A Nixe2x80x94MH battery formed as an assembly of a plurality of batteries is provided in a PEV or HEV. The battery can be used for a long time under an appropriate operating condition. Generally however, an individual cell of a battery assembly will be out of order or reach the end of its lifetime due to differences between the secondary batteries or failures of parts composing the secondary batteries. The battery assembly cannot function sufficiently even if one secondary battery of the battery assembly is out of order or at the end of its lifetime, and this can result in malfunction of the system. Therefore, a number of methods of detecting abnormality, failures or degradation of secondary batteries have been proposed.
Well-known methods include, for example, a degradation judgment based on a decline of output voltage of a battery, or a degradation judgment based on the specific gravity of an electrolytic solution for a case of a lead-acid battery. JP-A-4-341769 describes a judgment based on a change of voltage-current characteristics caused by a rise of internal resistance of a battery. JP-A-11-89101 describes memorizing battery operation time and judging degradation when the time reaches a predetermined level. In WO 97-27495, degradation is judged by using a temperature rise of a battery.

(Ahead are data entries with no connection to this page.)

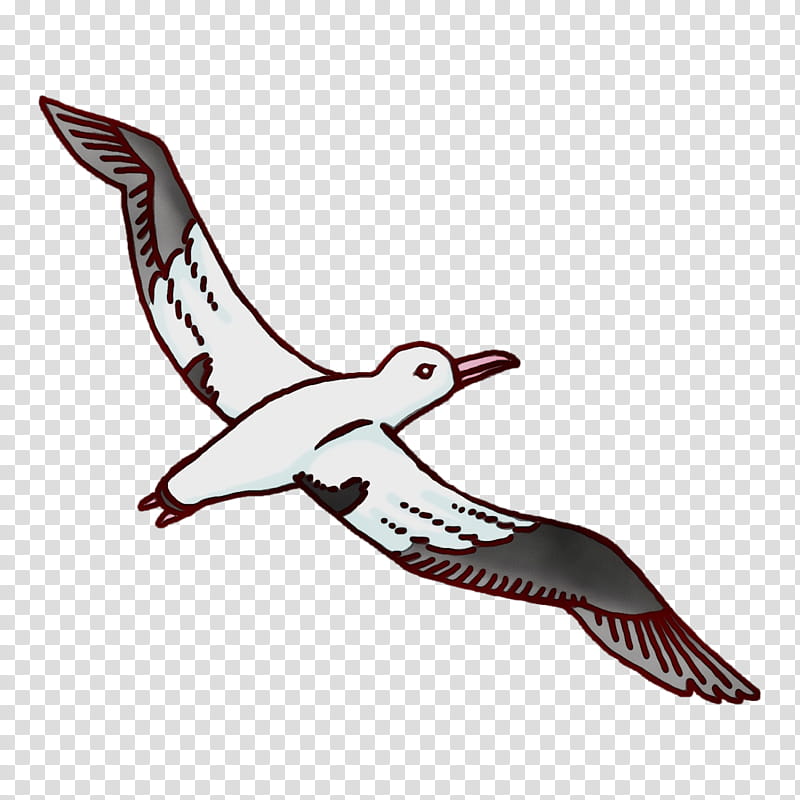 Feather, Watercolor, Paint, Wet Ink, Beak, Shorebirds, Seabird, Bird Of Prey transparent background PNG clipart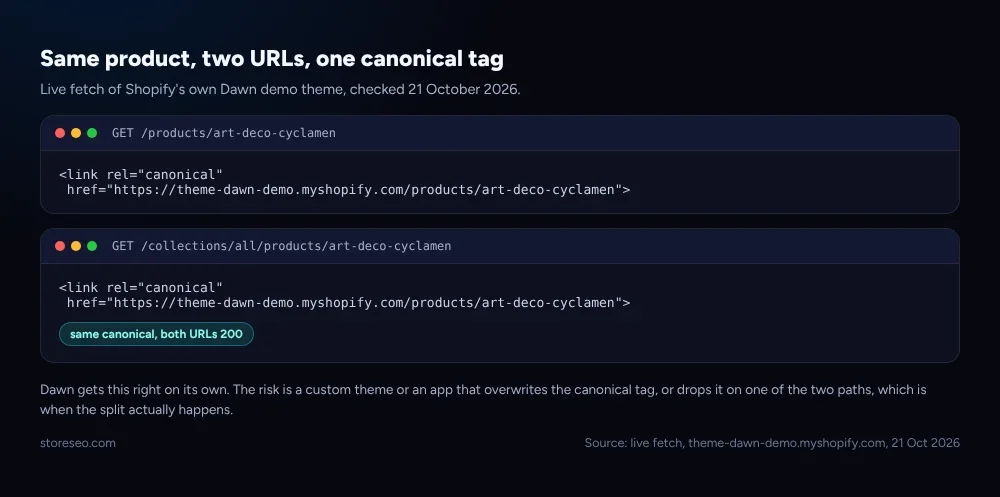 Same product, two URLs, one canonical tag, a live code window from Shopify's Dawn demo theme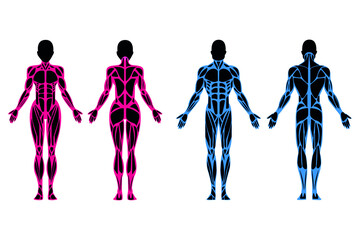 The anatomical structure of a person. Male and female body. Vector flat illustration.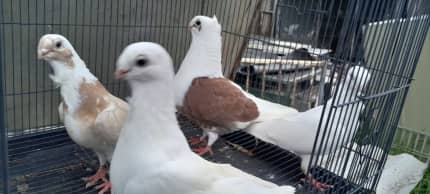 Baby pigeons hot sale for sale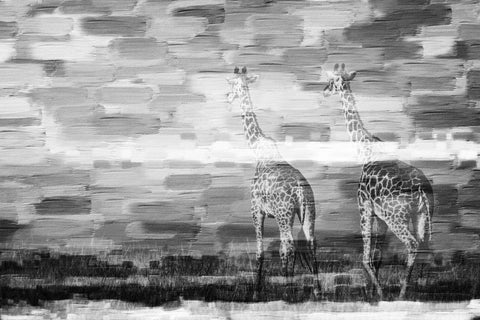 Giraffes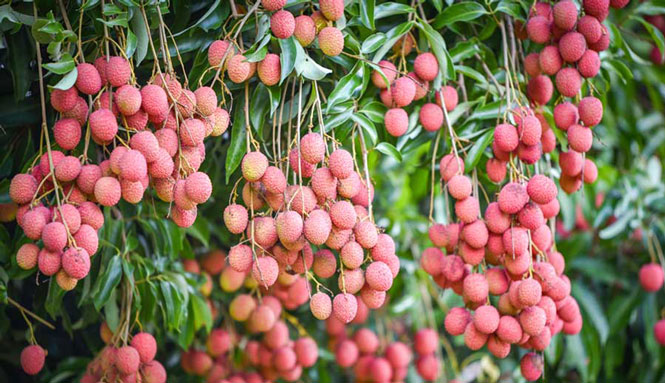 Việt Nam luôn tạo điều kiện cho doanh nghiệp nước ngoài hoạt động kinh doanh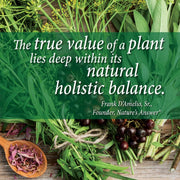 Nature’s Answer Dandelion Root Alcohol-Free Extract - 30ml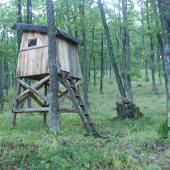 Kazateľňa pod Lyscom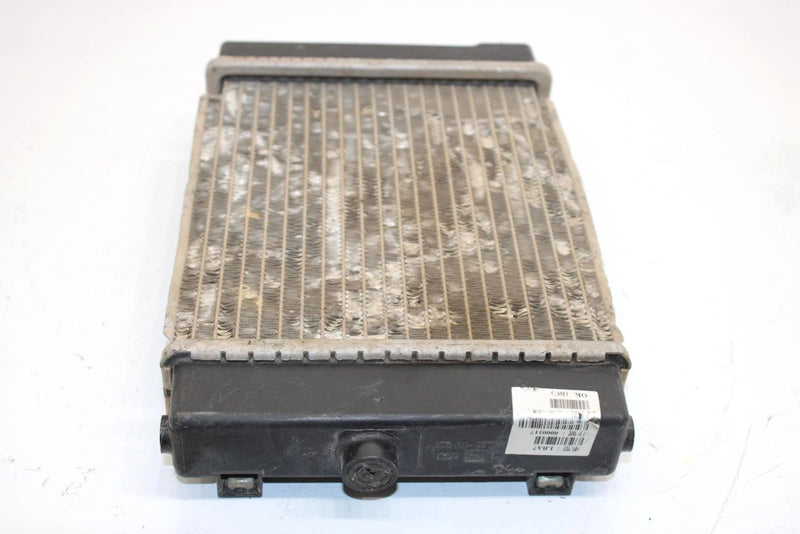 08 Arctic Cat Atv 250 Utility 2x4  Oem Radiator 3303-737 AA13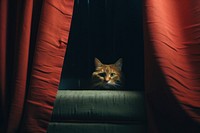 Curtain mammal animal pet. AI generated Image by rawpixel.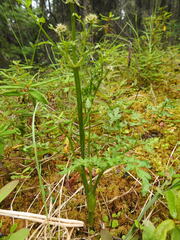 Cnidium cnidiifolium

Conventional techniques concerning replacement of an overall battery assembly are applied to batteries of portable phones, notebook personal computers, video cameras, or the like. A conventional technique concerning partial replacement of a battery assembly is disclosed in JP-A-8-203567. In this description, a terminal voltage at every lead-storage battery composing a battery assembly is observed. When the voltage becomes equal to or lower than a predetermined voltage value, the state is judged as degradation, and a voltage drop display LED lights up.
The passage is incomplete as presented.